Earlier this year, the Institute for Security and Technology (IST), in collaboration with the Organization of American States (OAS), supported the Ministry of Foreign Affairs of Brazil to launch the Brazil Ransomware Task Force. This initiative brings together public and private sector stakeholders to develop strategies that reduce ransomware risks and build resilience across Brazil’s critical sectors. The Brazil RTF is organized around four key pillars—Deter, Disrupt, Prepare, and Respond—mirroring the global Ransomware Task Force (RTF) framework.
In December 2020, IST convened the global Ransomware Task Force, and in April 2021, the RTF released Combating Ransomware, a globally-scoped, comprehensive framework for action with 48 recommendations. These recommendations tackle ransomware challenges at an international and trans-national level, with some specific recommendations for the United States of America. As the report noted, “ransomware is a global challenge, as institutions in all sectors around the world are being increasingly targeted. A single attack can also rapidly spread across borders, intentionally or otherwise.” The 2023 RTF Global Ransomware Incident Map further highlighted the global scale of the issue, reporting “ransomware incidents in 117 countries carried out by 66 different ransomware groups.”
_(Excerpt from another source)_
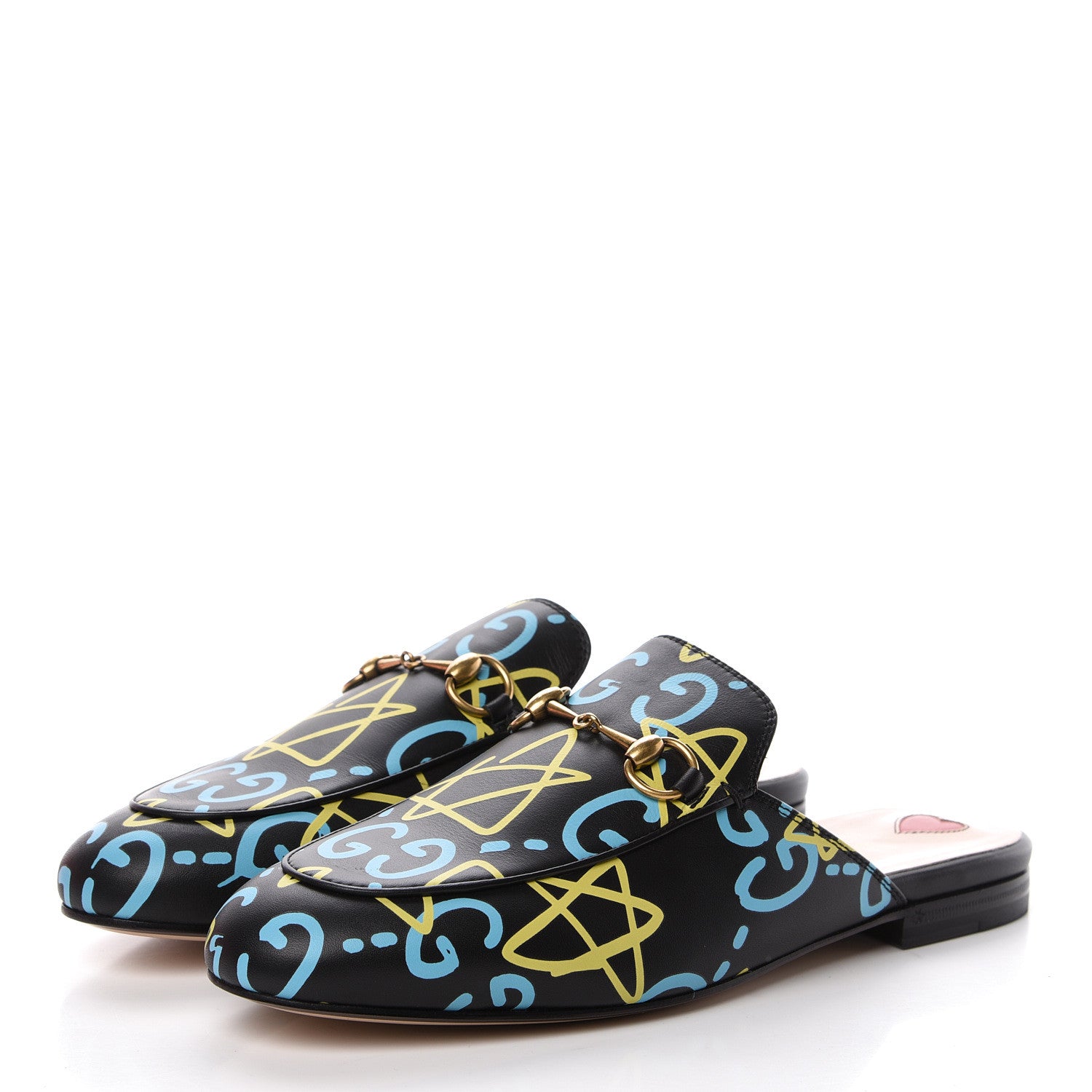 Gucci Calfskin GucciGhost Print Womens Princetown Slippers 38 Black New Acquamarine 3 of 9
Given this widespread impact, it is clear that tailored national and regional approaches are essential—not only to address the rising ransomware threat but also to account for the unique regulatory, legal, and political environments in each country. In collaboration with the Inter-American Committee against Terrorism (CICTE) of the OAS and Brazil’s Ministry of Foreign Affairs, IST and its partners are developing an initiative that supports both Brazil’s specific needs and contributes valuable insights to the global fight against ransomware.
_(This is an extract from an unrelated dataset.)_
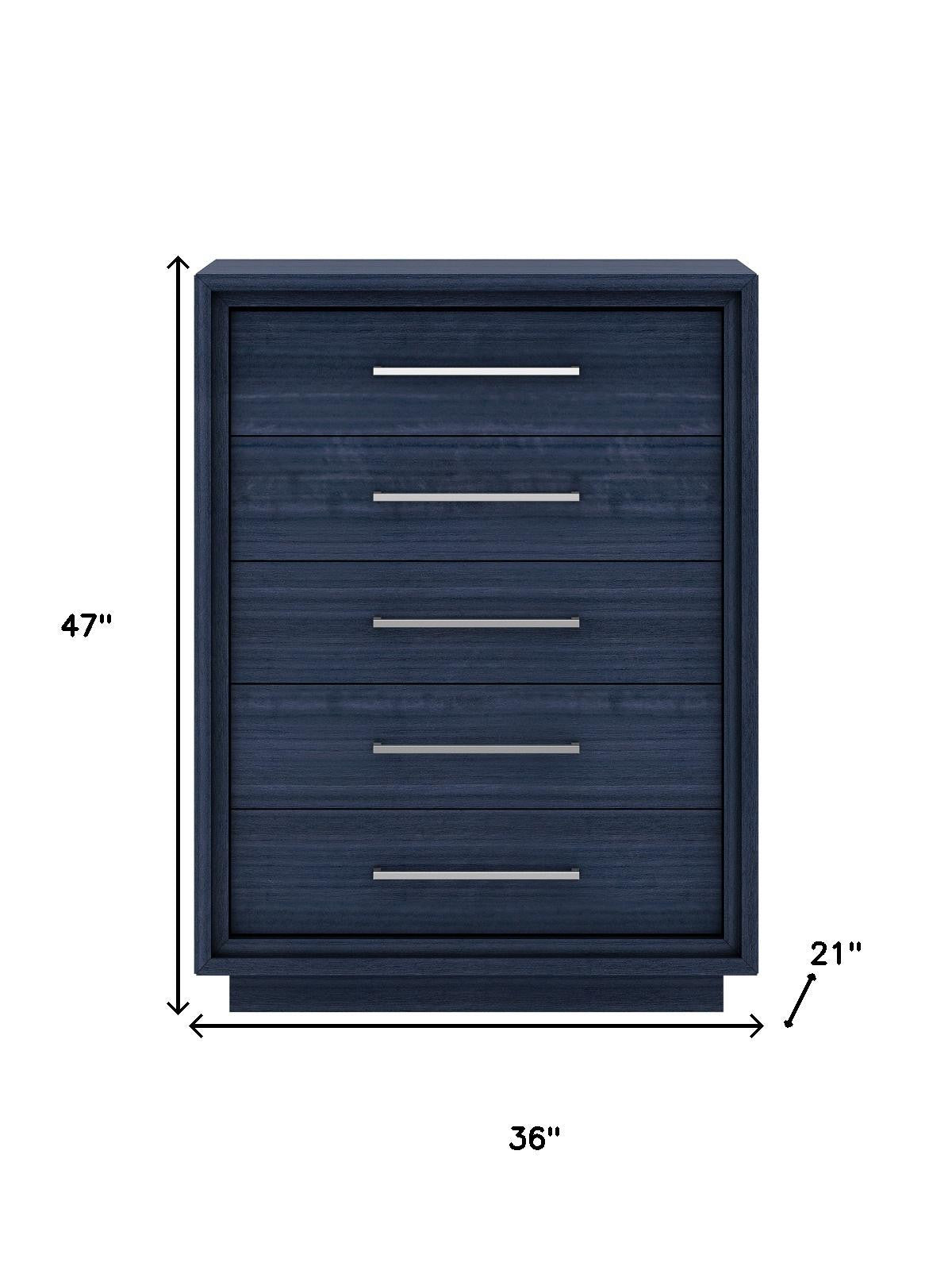 36" Blue Wood Five Drawer Gentlemens Chest - GreatEagleInc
Over September 23 and 24, 2024, IST’s Senior Director for International Cyber Engagement Elizabeth Vish and I attended the Brazil RTF’s first conference in Brasília, co-organized with the OAS. Held at the grand Palácio Itamaraty, the seat of Brazil’s Ministry of Foreign Affairs, the conference brought together over 60 participants, including representatives from law enforcement, cybersecurity firms, financial institutions, and academia. Ambassador Marcelo Câmara, the Director of the Department of Strategic, Defense, and Disarmament Affairs, kicked off the event with a keynote speech emphasizing the importance of coordinated efforts to mitigate ransomware attacks. Following his address, one panel discussed Brazil’s ransomware threat landscape, while another featured insights from public and private sector experts.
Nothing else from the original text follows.